→ Requirement
A verbatim transcript of the data below is required, images omitted.

(Data for this task)

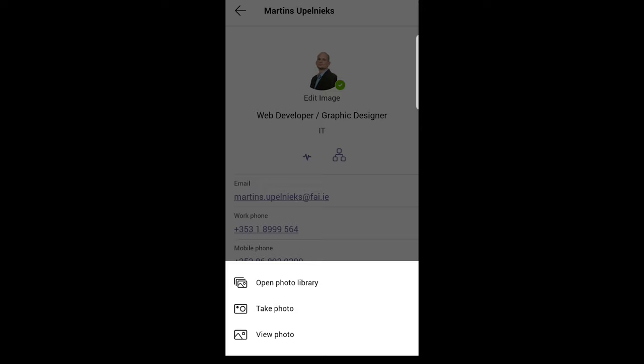That view photo is useless. I don't know why they even put it there. But if you would like to change your image, just click on open photo library.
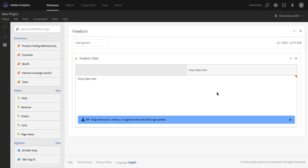Hi, I'm Ben Gaines with Adobe Analytics Product Management, and in this video I want to show you how you can get participation metrics in Analysis Workspace and throughout the rest of Adobe Analytics using calculated metrics.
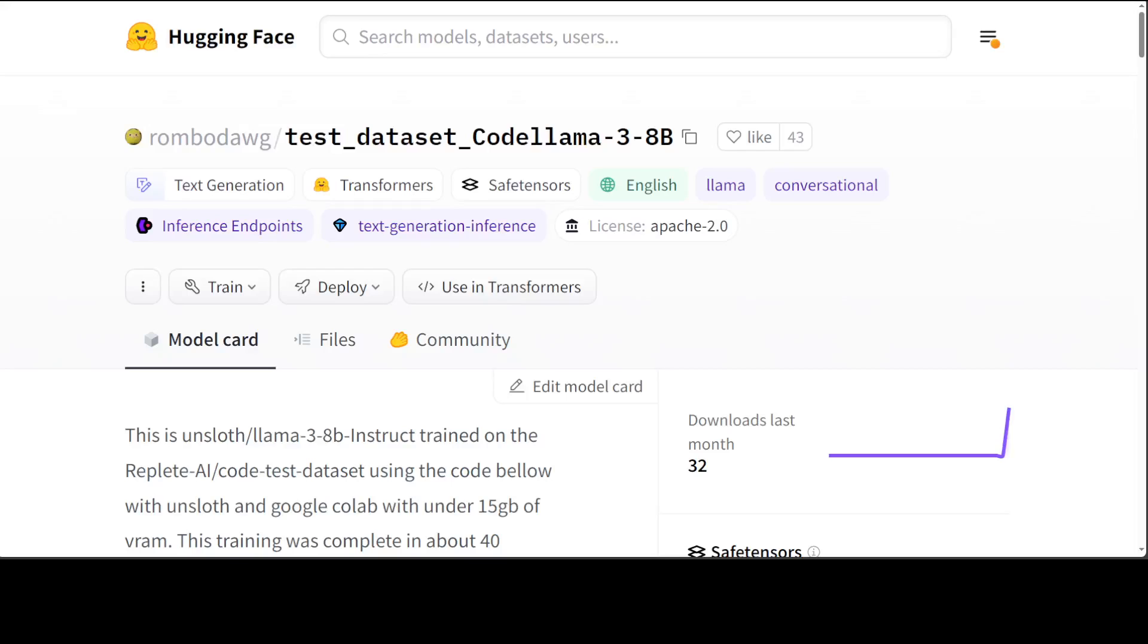Hello guys, in this video I am going to show you how you can train LLaMA 3 8 billion on any dataset. Huge kudos to this user rhombodog who has created this Colab and all the code, plus he has used Unsloth.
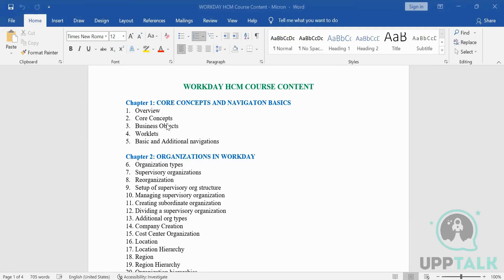Now coming on to the core concepts. When I talk about core concepts, first of all we'll have to understand what is cloud computing. I'm sure a lot of people would know already, but if anyone wants to talk on that I'd be happy to hear. When I talk about core concepts, the most important part to understand is what is cloud — it's not a new buzz, it's been there for the last 20 years.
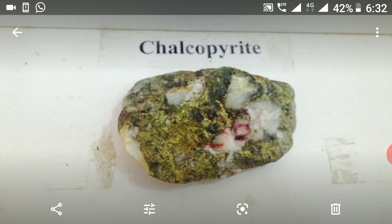Chemical composition is CuFeS2. Occurrence: magmatic hydrothermal, and less frequently exogenic. Uses: extraction of copper from this mineral.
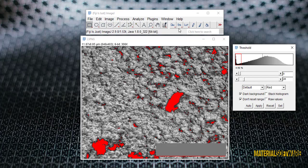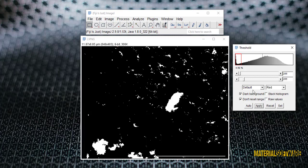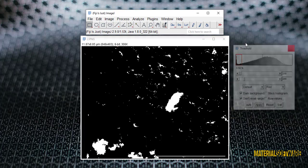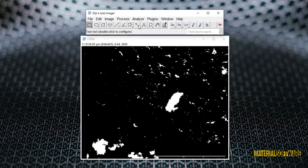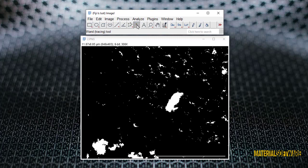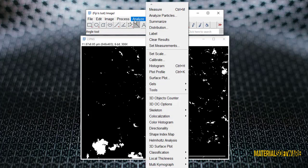Here, the point that I have to tell you is that if the border of your grains turns red along with the pores, you should use the brush tool to cut off the connection between the pores and the border of the grains. Now we select the apply option.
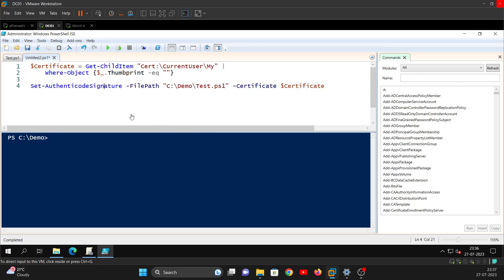Hello everyone. Today in this video I'm going to show you how to digitally sign your PowerShell scripts so that they are trusted on the devices they're going to run on without any issues or warnings. For this demo I'm going to use a domain controller which is also my Certification Authority, or ADCS - Active Directory Certificate Services.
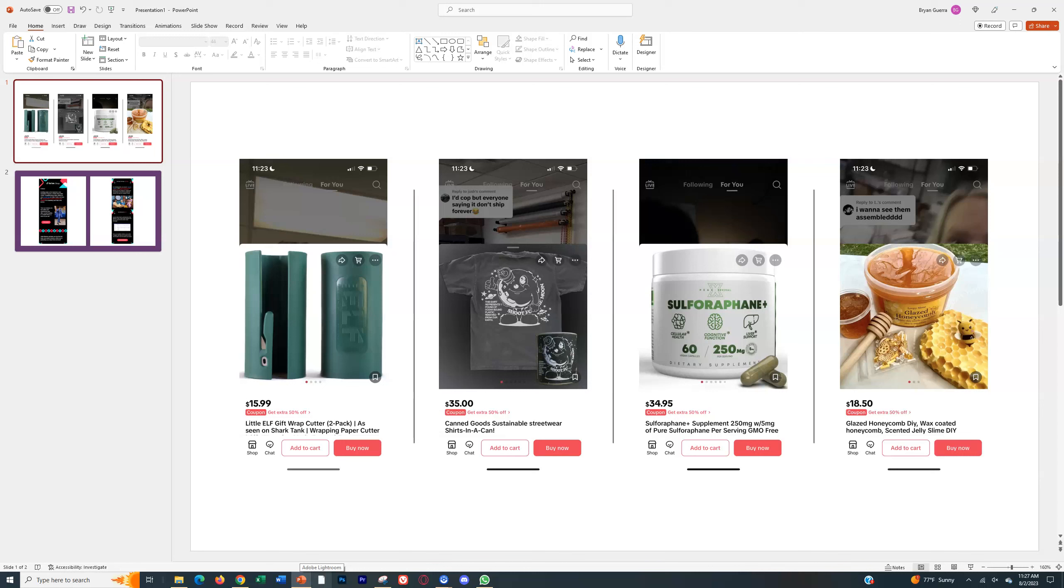Alright, so I want to show you an example of how normal shop products look versus discounted ones, and how that will ultimately convert a lot more buyers when they land on your TikTok Shop products. This is huge and you want to make sure that you're doing this. So normally when you click into a shop product like I've shown you many times...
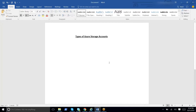Hello guys, welcome to the session. We'll discuss Azure storage accounts today. There are a variety of storage accounts available in Azure, so let us go through each and every one, what is the meaning of that and why it is used.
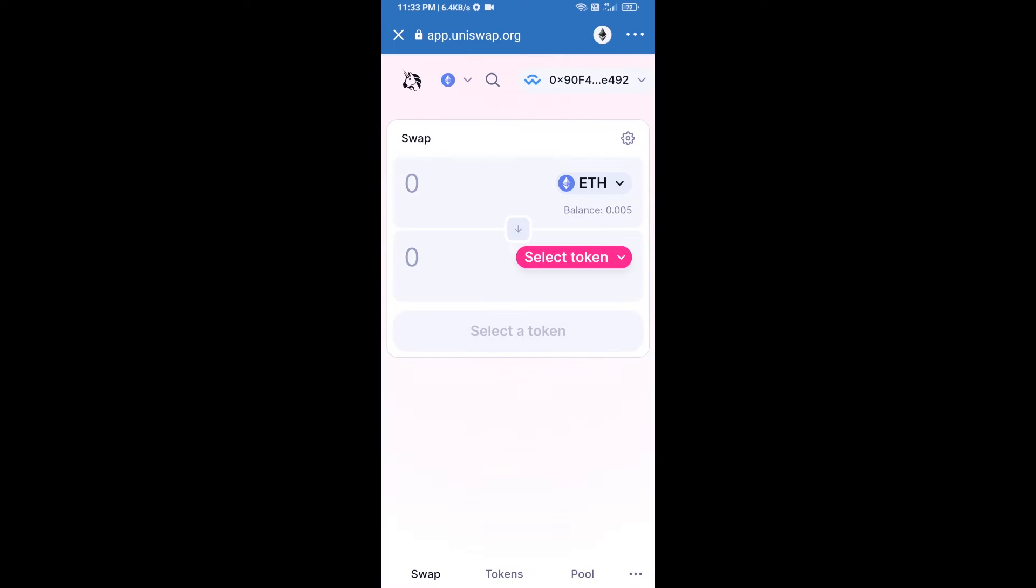So Uniswap exchange has been successfully connected from Trust Wallet. Now you will click on select token.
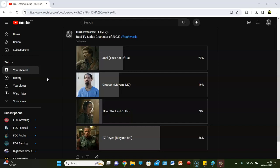Welcome back, guys, to Fog Entertainment for the best TV series character of 2023. It is the hashtag Fog Awards.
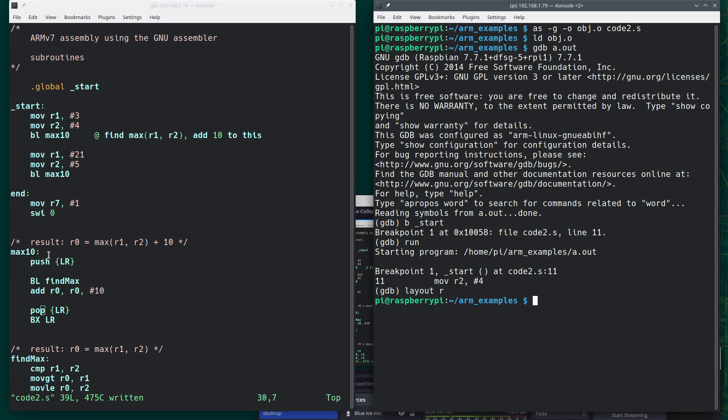So this is necessary, once again, so that way, after we return from findmax, we can return back up to our calling location here.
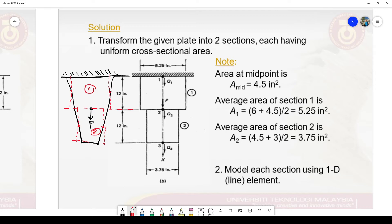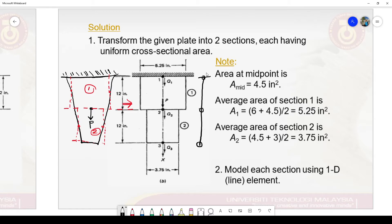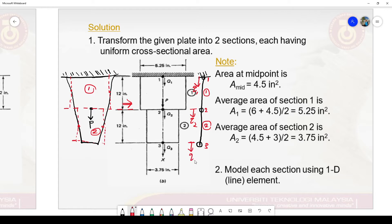Our physical geometry, which initially has a tapered plate, is now transformed into bar problems. We further simplify this into the finite element model, represented by single straight line elements. We label them properly: nodes 1, 2, 3; element one and element number two. It is very important to also label the displacements: q1, q2, and q3, whose values will be calculated later.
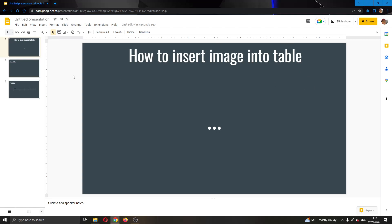The first thing you want to do is open up the official Google Slides website and login to your account. After you have logged in, you will be greeted by this main page where you can create your first presentation. As you can see here, I have already created a presentation that has some slides.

(End Data for this task)

→ Solution to the problem
That view photo is useless. I don't know why they even put it there. But if you would like to change your image, just click on open photo library.
Hi, I'm Ben Gaines with Adobe Analytics Product Management, and in this video I want to show you how you can get participation metrics in Analysis Workspace and throughout the rest of Adobe Analytics using calculated metrics.
Hello guys, in this video I am going to show you how you can train LLaMA 3 8 billion on any dataset. Huge kudos to this user rhombodog who has created this Colab and all the code, plus he has used Unsloth.
Now coming on to the core concepts. When I talk about core concepts, first of all we'll have to understand what is cloud computing. I'm sure a lot of people would know already, but if anyone wants to talk on that I'd be happy to hear. When I talk about core concepts, the most important part to understand is what is cloud — it's not a new buzz, it's been there for the last 20 years.
Chemical composition is CuFeS2. Occurrence: magmatic hydrothermal, and less frequently exogenic. Uses: extraction of copper from this mineral.
Here, the point that I have to tell you is that if the border of your grains turns red along with the pores, you should use the brush tool to cut off the connection between the pores and the border of the grains. Now we select the apply option.
Hello everyone. Today in this video I'm going to show you how to digitally sign your PowerShell scripts so that they are trusted on the devices they're going to run on without any issues or warnings. For this demo I'm going to use a domain controller which is also my Certification Authority, or ADCS - Active Directory Certificate Services.
Alright, so I want to show you an example of how normal shop products look versus discounted ones, and how that will ultimately convert a lot more buyers when they land on your TikTok Shop products. This is huge and you want to make sure that you're doing this. So normally when you click into a shop product like I've shown you many times...
Hello guys, welcome to the session. We'll discuss Azure storage accounts today. There are a variety of storage accounts available in Azure, so let us go through each and every one, what is the meaning of that and why it is used.
So Uniswap exchange has been successfully connected from Trust Wallet. Now you will click on select token.
Welcome back, guys, to Fog Entertainment for the best TV series character of 2023. It is the hashtag Fog Awards.
So this is necessary, once again, so that way, after we return from findmax, we can return back up to our calling location here.
Our physical geometry, which initially has a tapered plate, is now transformed into bar problems. We further simplify this into the finite element model, represented by single straight line elements. We label them properly: nodes 1, 2, 3; element one and element number two. It is very important to also label the displacements: q1, q2, and q3, whose values will be calculated later.
The first thing you want to do is open up the official Google Slides website and login to your account. After you have logged in, you will be greeted by this main page where you can create your first presentation. As you can see here, I have already created a presentation that has some slides.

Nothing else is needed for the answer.